The degree program requires a minimum of 36 semester hours of credit including the thesis credits. The program includes five core courses: ANTH 610, ANTH 612, ANTH 616, ANTH 618, and ANTH 714 in addition to 15 semester hours of electives, an optional internship, and required thesis. At least 9 credits of electives must be from courses with Anthropology prefixes; the remaining credits may be from related departments. Students may arrange an internship as part of their degree for up to three credits. All students will be required to complete a thesis, which may be in the form of a cultural resource management report or policy study of a cultural resource issue. The internship may be used as preparation for the thesis. Six credits of the electives may be taken from the Geography Department’s Geographic Information System (GIS) courses. Students may elect to take an additional four courses which are not part of the Applied Archaeology degree in order to receive a certificate in Geographic Information Science and Geospatial Techniques from the Geography Department. The Applied Archaeology program advisor will work with students to arrange their schedules to meet the requirements of the GIS certificate program expeditiously; however, there is no guarantee that both programs can be completed within two academic years.

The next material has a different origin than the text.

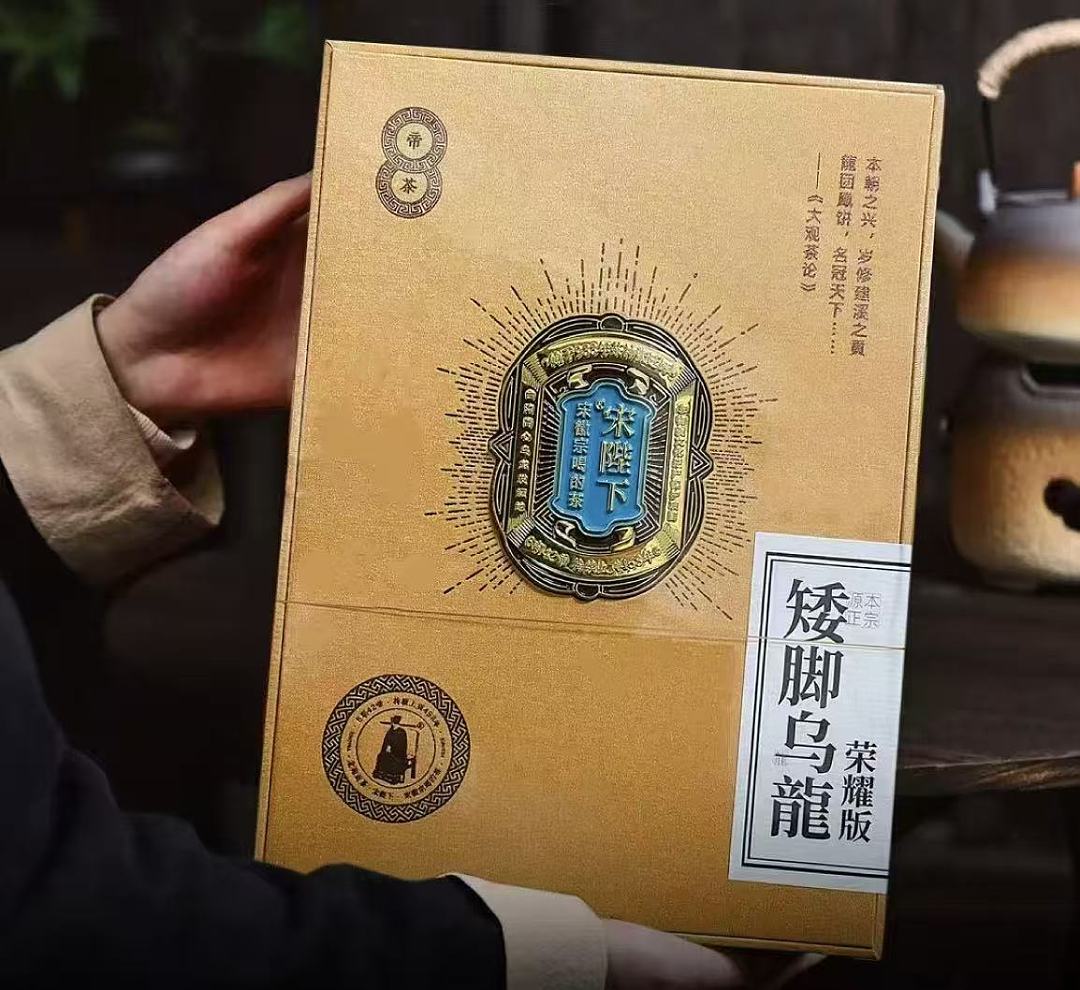 lm_image___2zfov swiper-item-image___2SBSc cover___2hGtr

(At least 9 credits must have ANTH prefix; at least one of the ANTH courses should be a non-archaeology elective)
Other elective courses may be approved by the faculty on an individual basis.
Students may elect to take a faculty-supervised internship either on or off campus with organizations utilizing archaeological skills in nonacademic settings. Off-campus internships may include cultural resource management companies, government agencies, private, nonprofit organizations, tribal governments, and museums. Students who do not elect to take an internship will be required to take 6 thesis credits.
All students will be required to write a thesis either in the form of a cultural resource management project report or a policy paper on a cultural resource issue.